• _TASK DETAILS_:
Reproduce word for word the lines from the beginning of the entries to the line with "Volcano Stone Beads Leather Bracelet", both included, but none of the pictures.

START DATA SHOWN

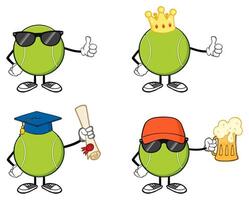 Funny Tennis Ball Characters Expressing Different Personalities with Hats, Crowns, and Drinks vector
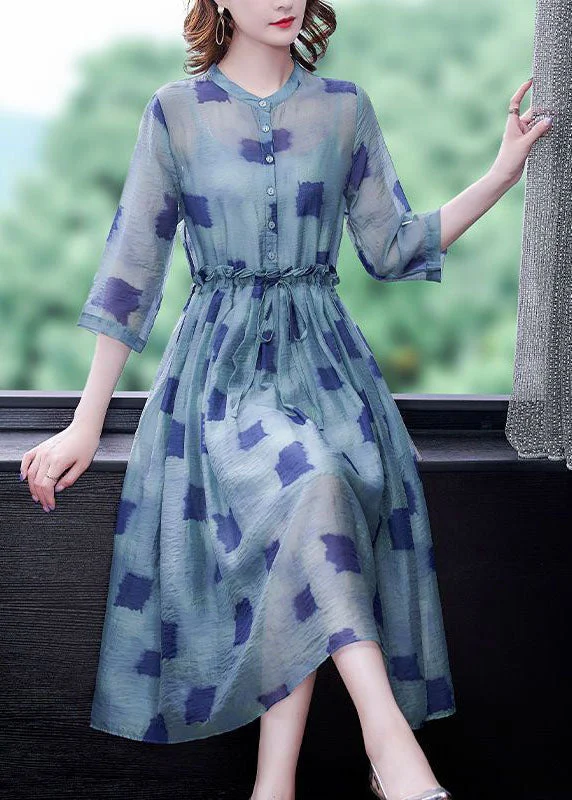 Simple Blue Ruffled Print Silk Cinched Dresses Two Piece Set Bracelet Sleeve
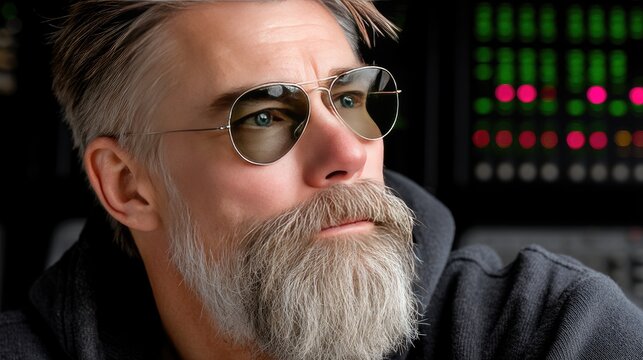 Close-up view of a man with a beard in dark hoodie and aviator sunglasses with colored lighting and digital reflection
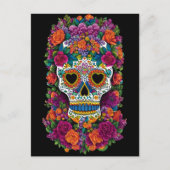 Sugar Skull Art - Uitbarsting van Mexicaanse flair Briefkaart (Voorkant)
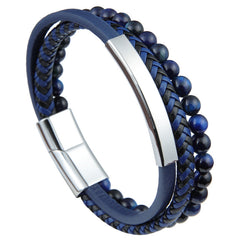 Volcano Stone Beads Leather Bracelet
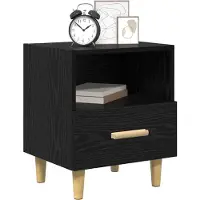 vidaXL Nachtkastje 2 st Zwart Eiken 40 x 35 x 47 cm Bewerkt hout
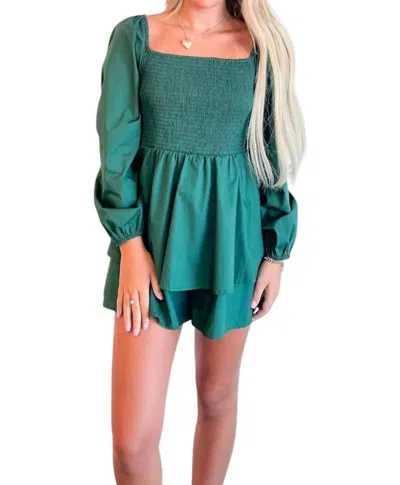 DAY + MOON POPLIN GAME DAY ROMPER IN GREEN 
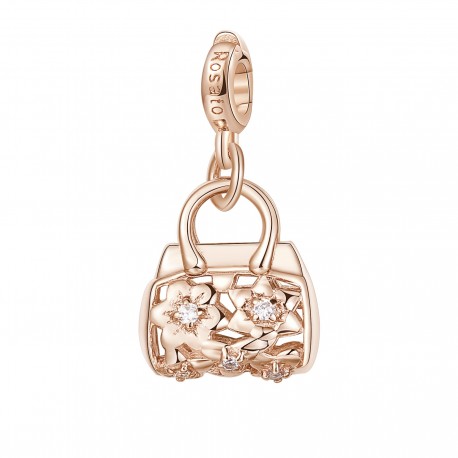Charm donna Rosato Borsa Hobo in Argento placcatura in Oro Rosa con Zirconi collezione Storie simbolo Personalita' - RZ031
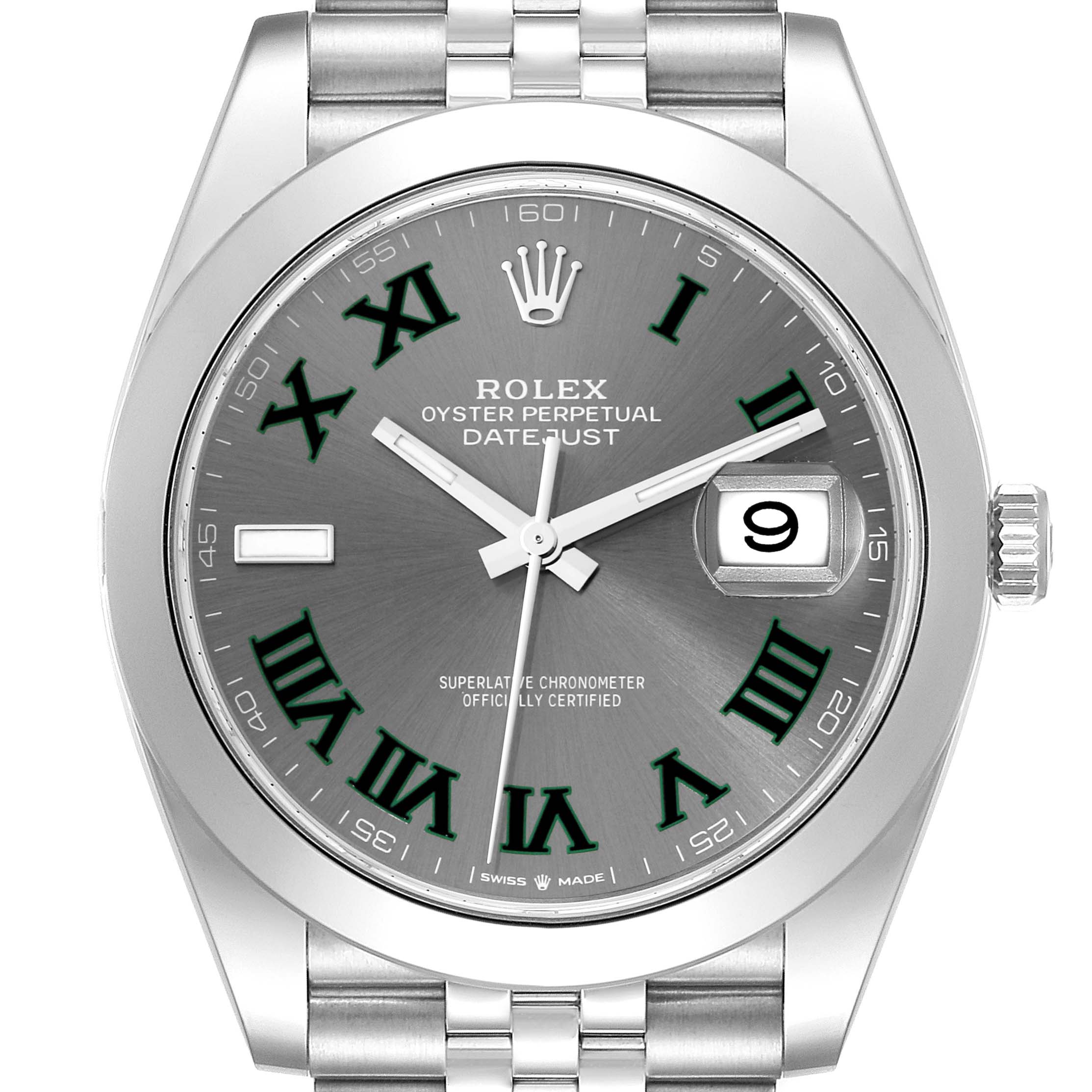 The image shows a front view of the Rolex Datejust 41 126300 Men's Stainless Steel Grey Dial 126300 Men's Stainless Steel Grey Dial watch, highlighting the dial, bezel, and bracelet.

END DATA SHOWN

• _ANSWER SECTION_:
 Funny Tennis Ball Characters Expressing Different Personalities with Hats, Crowns, and Drinks vector
 Simple Blue Ruffled Print Silk Cinched Dresses Two Piece Set Bracelet Sleeve
 Close-up view of a man with a beard in dark hoodie and aviator sunglasses with colored lighting and digital reflection
 Sugar Skull Art - Uitbarsting van Mexicaanse flair Briefkaart (Voorkant)
 Volcano Stone Beads Leather Bracelet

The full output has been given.